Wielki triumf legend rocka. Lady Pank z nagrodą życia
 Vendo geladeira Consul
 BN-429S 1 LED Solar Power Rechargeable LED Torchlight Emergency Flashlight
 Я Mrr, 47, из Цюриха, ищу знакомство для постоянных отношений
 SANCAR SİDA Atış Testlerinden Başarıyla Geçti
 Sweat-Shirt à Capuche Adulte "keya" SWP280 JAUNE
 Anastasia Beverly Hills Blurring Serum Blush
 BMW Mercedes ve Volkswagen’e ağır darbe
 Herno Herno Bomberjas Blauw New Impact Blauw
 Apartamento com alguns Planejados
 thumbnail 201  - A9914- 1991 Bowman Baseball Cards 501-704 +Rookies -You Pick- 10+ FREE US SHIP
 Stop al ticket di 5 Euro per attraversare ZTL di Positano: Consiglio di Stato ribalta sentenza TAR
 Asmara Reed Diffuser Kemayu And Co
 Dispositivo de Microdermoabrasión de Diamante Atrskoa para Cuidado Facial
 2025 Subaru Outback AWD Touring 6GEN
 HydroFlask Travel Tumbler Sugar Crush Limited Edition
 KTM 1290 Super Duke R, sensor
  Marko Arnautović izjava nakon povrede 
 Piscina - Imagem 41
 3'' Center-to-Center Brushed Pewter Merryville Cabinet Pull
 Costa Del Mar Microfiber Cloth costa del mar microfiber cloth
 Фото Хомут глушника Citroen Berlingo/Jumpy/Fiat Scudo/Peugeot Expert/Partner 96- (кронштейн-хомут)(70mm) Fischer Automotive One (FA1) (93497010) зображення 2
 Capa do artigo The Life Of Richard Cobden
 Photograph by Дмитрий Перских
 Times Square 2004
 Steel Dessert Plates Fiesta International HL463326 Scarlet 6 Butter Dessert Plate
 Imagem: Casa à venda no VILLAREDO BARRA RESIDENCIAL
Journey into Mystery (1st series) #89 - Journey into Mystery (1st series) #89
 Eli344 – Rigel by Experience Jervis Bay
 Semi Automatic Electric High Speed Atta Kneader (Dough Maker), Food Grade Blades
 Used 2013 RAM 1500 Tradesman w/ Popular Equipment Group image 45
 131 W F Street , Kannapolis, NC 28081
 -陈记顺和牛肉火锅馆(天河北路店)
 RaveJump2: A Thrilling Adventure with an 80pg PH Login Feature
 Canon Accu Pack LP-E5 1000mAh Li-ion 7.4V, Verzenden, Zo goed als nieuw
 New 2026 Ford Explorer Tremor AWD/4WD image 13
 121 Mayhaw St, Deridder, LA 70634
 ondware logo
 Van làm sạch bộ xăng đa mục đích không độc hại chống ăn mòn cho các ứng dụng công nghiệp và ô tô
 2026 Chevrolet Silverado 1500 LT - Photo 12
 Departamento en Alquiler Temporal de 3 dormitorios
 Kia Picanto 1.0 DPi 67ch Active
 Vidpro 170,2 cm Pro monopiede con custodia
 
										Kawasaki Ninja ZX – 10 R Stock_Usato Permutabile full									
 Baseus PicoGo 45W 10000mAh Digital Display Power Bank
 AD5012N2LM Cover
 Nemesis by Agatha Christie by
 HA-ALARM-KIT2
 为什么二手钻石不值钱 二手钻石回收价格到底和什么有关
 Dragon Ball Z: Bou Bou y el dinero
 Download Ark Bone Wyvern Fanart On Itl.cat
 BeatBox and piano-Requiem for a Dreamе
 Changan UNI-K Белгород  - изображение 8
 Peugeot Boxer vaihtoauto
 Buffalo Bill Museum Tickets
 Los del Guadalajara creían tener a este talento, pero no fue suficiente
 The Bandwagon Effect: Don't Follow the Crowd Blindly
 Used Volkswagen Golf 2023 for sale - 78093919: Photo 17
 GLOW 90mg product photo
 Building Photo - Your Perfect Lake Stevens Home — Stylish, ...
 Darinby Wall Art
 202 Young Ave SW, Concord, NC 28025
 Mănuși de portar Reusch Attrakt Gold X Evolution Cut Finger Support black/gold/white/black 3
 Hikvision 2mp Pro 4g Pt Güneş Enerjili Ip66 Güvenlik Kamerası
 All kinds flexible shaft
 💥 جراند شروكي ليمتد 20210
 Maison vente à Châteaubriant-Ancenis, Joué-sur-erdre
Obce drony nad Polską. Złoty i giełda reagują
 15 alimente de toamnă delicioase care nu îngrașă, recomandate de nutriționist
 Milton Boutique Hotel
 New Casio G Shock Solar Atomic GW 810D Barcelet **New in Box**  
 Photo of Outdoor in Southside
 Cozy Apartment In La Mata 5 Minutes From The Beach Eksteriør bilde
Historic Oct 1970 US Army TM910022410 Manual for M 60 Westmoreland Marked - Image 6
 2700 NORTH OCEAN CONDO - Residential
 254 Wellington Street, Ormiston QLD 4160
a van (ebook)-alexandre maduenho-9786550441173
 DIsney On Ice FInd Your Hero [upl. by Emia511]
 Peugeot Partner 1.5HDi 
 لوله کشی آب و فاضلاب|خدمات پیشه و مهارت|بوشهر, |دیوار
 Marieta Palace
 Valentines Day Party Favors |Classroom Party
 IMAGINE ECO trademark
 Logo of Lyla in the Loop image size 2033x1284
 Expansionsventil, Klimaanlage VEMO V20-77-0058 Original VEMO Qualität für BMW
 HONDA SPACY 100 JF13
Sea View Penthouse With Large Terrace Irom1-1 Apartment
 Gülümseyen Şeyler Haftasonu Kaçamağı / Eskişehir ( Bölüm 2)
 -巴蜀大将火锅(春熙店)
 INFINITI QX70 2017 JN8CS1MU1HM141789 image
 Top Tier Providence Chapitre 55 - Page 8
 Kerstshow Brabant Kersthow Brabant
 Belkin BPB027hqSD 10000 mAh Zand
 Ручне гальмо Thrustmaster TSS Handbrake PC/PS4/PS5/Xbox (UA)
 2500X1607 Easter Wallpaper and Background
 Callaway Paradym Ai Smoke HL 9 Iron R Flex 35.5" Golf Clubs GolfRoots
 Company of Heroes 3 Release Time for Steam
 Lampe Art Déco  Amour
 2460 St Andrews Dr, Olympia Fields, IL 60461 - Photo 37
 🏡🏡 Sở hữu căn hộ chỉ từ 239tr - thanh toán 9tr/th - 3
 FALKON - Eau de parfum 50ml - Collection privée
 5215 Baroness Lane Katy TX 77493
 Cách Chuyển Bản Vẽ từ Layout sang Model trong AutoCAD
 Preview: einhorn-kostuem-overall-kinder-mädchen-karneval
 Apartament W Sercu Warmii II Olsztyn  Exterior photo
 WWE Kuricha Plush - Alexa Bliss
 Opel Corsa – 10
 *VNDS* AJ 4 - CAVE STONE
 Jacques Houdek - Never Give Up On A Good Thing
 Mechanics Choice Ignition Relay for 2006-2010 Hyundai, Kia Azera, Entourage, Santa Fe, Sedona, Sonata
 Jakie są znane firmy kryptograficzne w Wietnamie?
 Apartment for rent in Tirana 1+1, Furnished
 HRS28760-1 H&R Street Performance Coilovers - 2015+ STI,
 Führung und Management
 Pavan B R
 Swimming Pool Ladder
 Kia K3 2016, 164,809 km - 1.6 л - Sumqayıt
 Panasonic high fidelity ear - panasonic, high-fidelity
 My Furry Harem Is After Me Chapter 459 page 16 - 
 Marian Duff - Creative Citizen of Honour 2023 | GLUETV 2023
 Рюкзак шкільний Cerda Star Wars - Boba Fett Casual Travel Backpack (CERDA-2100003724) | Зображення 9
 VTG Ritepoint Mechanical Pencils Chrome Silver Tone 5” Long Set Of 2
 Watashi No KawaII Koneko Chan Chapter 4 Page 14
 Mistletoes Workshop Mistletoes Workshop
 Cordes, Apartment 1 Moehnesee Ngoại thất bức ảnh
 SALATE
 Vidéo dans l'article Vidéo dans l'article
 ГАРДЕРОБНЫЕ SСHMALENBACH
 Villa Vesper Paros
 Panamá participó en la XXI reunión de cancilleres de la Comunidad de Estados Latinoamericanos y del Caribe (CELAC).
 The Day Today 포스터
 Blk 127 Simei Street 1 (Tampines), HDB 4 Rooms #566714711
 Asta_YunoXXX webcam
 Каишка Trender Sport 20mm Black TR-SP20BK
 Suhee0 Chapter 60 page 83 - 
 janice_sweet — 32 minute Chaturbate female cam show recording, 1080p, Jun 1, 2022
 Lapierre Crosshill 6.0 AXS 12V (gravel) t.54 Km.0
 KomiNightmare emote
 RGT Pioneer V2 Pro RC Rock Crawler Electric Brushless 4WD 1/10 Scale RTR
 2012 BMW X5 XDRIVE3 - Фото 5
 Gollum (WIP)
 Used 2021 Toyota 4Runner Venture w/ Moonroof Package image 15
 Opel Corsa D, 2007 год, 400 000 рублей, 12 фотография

→ **Work task**
Please report all lines in the entries where "Apartment" appears.

→ **Response area**
 Cozy Apartment In La Mata 5 Minutes From The Beach Eksteriør bilde
Sea View Penthouse With Large Terrace Irom1-1 Apartment
 Apartment for rent in Tirana 1+1, Furnished
 Cordes, Apartment 1 Moehnesee Ngoại thất bức ảnh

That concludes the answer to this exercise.